DATA PROVIDED: Begin

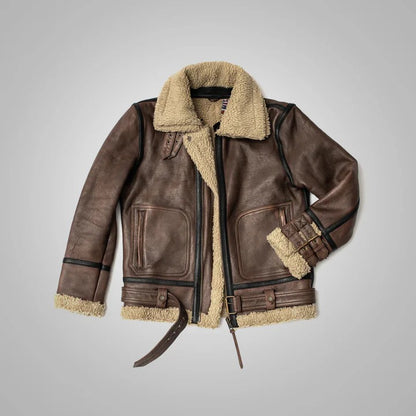 Brown Sheepskin Sherpa Jacket for Men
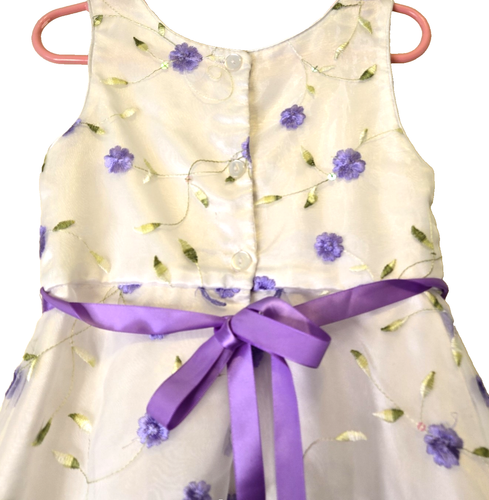 Youngland Girls Dress 5 Purple Embroider Flower Girl lined Satin Rose Tie Ribbon - Picture 6 of 15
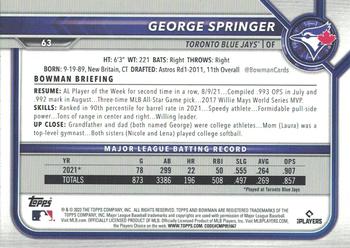 2022 Bowman #63 George Springer Back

DATA PROVIDED: End

▸ EXERCISE DESCRIPTION
Exact transcription of the full listing above is required; images do not belong in it.

▸ EXERCISE RESULT
 Brown Sheepskin Sherpa Jacket for Men
 Youngland Girls Dress 5 Purple Embroider Flower Girl lined Satin Rose Tie Ribbon - Picture 6 of 15
 2022 Bowman #63 George Springer Back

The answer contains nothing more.